Iowa farmers planted 23 million acres of corn and soybeans in 2018 and are on target to do it again if the soil ever warms up and dries out.
Looking across Iowa’s winter landscape, it might seem no other crops can be grown — that winter is too harsh for anything else to survive and this land is only meant to have something growing on it from May to September. But it’s important to remember that up until the mid-1970s, the crops opposite of corn were not a summer crop of soybeans, but a winter crop, such as oats or alfalfa. Iowa was growing nearly 6 million acres of oats, which usually nurse-cropped other cool season crops such as alfalfa. Across the Midwest, farmers grew crops year-round, and we were open for business 365 days a year.
Back then, farmers grew multiple crops out of a necessity to manage risk. Maybe my grandparents used all the tools in the farming toolbox out of a necessity to survive, to feed a growing family of seven on a farm in northern Illinois.
Having more than two crops on the farm — usually integrated with livestock — allowed farmers to be better positioned financially during extreme weather, or when markets fluctuated.
Growing crops year-round also helped farmers control input costs like nitrogen fertilizers and herbicides. Cool season crops like alfalfa or red clover provided 50 percent or more of a corn crop’s nitrogen need. Winter cover crops reduced weed pressure by competing with them for sunlight, water and soil nutrients. Having crops growing year-round kept soil protected from wind and water erosion, held nitrogen in the field as opposed to leaching to nearby lakes and streams, and allowed farmers to be less dependent on off-farm purchases.

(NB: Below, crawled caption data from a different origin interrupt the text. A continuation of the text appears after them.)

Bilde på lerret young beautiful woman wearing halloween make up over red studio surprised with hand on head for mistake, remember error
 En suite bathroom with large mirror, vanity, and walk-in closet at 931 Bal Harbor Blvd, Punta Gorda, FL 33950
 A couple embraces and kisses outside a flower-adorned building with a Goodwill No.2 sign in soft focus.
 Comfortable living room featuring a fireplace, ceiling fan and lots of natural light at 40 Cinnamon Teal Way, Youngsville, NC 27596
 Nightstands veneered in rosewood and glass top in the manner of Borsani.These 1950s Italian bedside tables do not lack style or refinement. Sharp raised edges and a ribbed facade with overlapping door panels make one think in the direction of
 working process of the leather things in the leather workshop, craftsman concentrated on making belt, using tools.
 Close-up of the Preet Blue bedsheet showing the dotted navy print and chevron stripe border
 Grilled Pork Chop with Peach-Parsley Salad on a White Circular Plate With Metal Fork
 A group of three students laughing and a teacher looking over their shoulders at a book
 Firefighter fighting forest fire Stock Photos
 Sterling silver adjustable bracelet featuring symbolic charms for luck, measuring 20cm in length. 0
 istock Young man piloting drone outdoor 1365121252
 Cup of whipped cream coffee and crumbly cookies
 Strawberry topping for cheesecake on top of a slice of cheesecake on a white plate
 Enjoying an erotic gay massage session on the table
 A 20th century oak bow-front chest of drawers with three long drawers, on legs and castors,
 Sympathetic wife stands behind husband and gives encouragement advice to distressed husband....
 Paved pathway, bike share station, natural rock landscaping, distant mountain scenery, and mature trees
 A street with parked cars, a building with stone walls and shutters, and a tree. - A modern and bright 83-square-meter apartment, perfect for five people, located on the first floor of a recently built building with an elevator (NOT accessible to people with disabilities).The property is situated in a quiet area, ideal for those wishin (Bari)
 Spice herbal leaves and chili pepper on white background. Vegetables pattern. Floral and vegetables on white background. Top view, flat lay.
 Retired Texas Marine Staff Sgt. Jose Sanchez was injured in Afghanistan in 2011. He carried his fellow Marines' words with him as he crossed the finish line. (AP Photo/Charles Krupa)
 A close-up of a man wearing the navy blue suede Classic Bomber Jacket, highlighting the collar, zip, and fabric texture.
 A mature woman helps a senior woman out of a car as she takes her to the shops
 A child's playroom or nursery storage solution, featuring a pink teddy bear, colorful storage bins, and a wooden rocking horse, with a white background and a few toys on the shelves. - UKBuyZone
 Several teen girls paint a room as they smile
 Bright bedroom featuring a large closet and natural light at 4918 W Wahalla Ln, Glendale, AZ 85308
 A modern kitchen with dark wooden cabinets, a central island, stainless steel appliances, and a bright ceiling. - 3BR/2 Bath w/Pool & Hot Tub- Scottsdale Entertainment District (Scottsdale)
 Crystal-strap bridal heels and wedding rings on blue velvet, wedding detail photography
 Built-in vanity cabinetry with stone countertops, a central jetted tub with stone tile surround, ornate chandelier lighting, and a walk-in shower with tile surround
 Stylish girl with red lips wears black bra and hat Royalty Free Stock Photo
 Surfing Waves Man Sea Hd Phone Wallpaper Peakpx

Fast forward to today and the same principles of managing risk and being financially prudent exist. But, at best, only 5,000 of Iowa’s 80,000 farmers operate throughout the year. Only some are growing plants year-round to capture free sunlight and turn it into crops that create income (grazing livestock, harvesting oats) or reduce costs (substituting purchased fertilizer, reduce stored feed or herbicide costs).
Many organizations have researched ways to make practices like cover crops work. Others have worked solely on reduced tillage systems or using red clover legumes to grow corn less expensively. We don’t lack scientific evidence of what to plant year-round and how it can benefit our operations. What we lack is creativity and confidence to manage risk by growing plants year-round.
Times are tough on the farm, for many reasons. But tough times provide an opportunity to innovate.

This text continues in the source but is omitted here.